Kenny Alexander spooks GVC investors after share sell-off
GVC share price drops 16% as the City reacts to Alexander’s decision to sell £13.7m of stock in the London-listed operator


GVC Holdings CEO Kenny Alexander took the gambling industry by surprise this morning after selling more than two million shares in the operator for £13.7m.
Alexander sold 75% of his shares in the London-listed firm just three days after GVC’s full-year results were announced, in which revenues climbed 9% to £3.6bn.
GVC chairman Lee Feldman also cashed in, selling 900,000 shares in the business for £6m. Alexander has 1.2 million shares remaining, while Feldman is left with 300,000 following the transaction.
In a statement Alexander reassured investors he was not planning to leave the firm any time soon.
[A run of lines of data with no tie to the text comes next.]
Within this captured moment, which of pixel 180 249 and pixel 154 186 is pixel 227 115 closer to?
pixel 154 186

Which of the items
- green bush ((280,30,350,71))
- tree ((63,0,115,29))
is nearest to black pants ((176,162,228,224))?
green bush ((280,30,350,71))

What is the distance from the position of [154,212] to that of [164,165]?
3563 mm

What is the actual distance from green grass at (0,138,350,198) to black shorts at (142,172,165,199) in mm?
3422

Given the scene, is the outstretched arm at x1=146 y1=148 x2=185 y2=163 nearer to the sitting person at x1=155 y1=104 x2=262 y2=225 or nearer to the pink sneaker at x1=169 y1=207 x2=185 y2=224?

He said: “We have both held large personal shareholdings in GVC for a long time and continue to do so.
“Both of us remain fully committed to GVC and, whilst I continue to have the support of our shareholders, I’m here for the long term and at the very least I have a current plan that will take three plus years to accomplish.
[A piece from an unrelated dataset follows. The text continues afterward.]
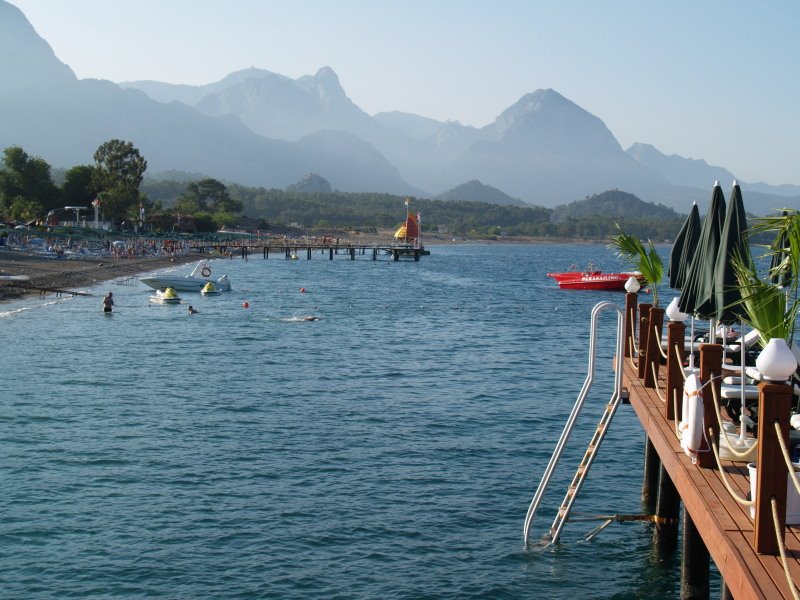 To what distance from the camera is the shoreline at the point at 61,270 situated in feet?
194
“We reported excellent results earlier this week and we both remain convinced of the exciting prospects for the business.
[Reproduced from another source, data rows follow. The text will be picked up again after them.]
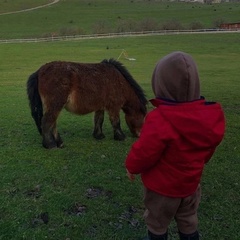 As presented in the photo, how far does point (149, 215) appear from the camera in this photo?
12.1ft

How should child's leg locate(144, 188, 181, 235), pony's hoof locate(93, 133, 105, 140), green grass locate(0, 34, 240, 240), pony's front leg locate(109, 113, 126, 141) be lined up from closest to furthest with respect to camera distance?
child's leg locate(144, 188, 181, 235) < green grass locate(0, 34, 240, 240) < pony's front leg locate(109, 113, 126, 141) < pony's hoof locate(93, 133, 105, 140)

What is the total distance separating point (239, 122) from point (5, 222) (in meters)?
6.81

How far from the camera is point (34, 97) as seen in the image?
7773 mm

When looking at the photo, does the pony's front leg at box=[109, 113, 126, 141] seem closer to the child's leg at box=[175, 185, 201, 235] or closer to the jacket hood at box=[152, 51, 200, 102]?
the child's leg at box=[175, 185, 201, 235]

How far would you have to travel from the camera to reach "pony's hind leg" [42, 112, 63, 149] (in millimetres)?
7633

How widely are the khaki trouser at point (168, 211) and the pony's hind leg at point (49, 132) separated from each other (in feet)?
13.8

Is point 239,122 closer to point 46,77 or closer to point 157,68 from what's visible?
point 46,77

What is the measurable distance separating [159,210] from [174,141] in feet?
2.14

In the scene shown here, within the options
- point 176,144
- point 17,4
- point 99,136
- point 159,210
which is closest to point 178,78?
point 176,144

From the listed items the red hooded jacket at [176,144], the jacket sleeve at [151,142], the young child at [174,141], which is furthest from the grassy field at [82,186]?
the jacket sleeve at [151,142]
“Therefore while we continue at GVC we will not reduce our holdings below the current levels,” he added.
On Tuesday, GVC Holdings CEO Kenny Alexander offered to bet me £10,000 that he'd get the betting group back in the FTSE 100 within six months. Perhaps I should have taken the bet: shares down 15% after CEO and chairman dumped almost £20m of stock
— Dominic Walsh (@walshdominic) March 8, 2019
According to several analysts, investors are unhappy with the decision and the City remains in the dark as to the reason behind the sell-off.
One analyst, speaking off the record, told EGR Intel it was a terrible morning for his Buy recommendation. “We think Kenny had to commit to at last three years for at least the beginning of its US strategy to play out,” he said.
“Nevertheless, a disposal this material at a share price 45% below their peak last August will naturally spook investors,” he added.
Another City trader described the news as “extremely concerning” for GVC’s share price.
“With Kenny and Lee selling a significant portion of their personal shares just three months after Kenny promising that he would increase the share price to £20 within 3 years, the directors are clearly cashing in on short-term gains posted last week following the 2018 earnings, and hedging their personal bets against the impending FOBT challenges.
“Presumably the directors hope that the medium term outlook will offset any short term drops, but that’s assuming the business will weather the impact of the looming FOBT storm.
“Also, the city doesn’t usually suffer from short term memory, so this could affect longer term investor confidence in this stock.”
GVC’s share price was down 16% at the time of writing.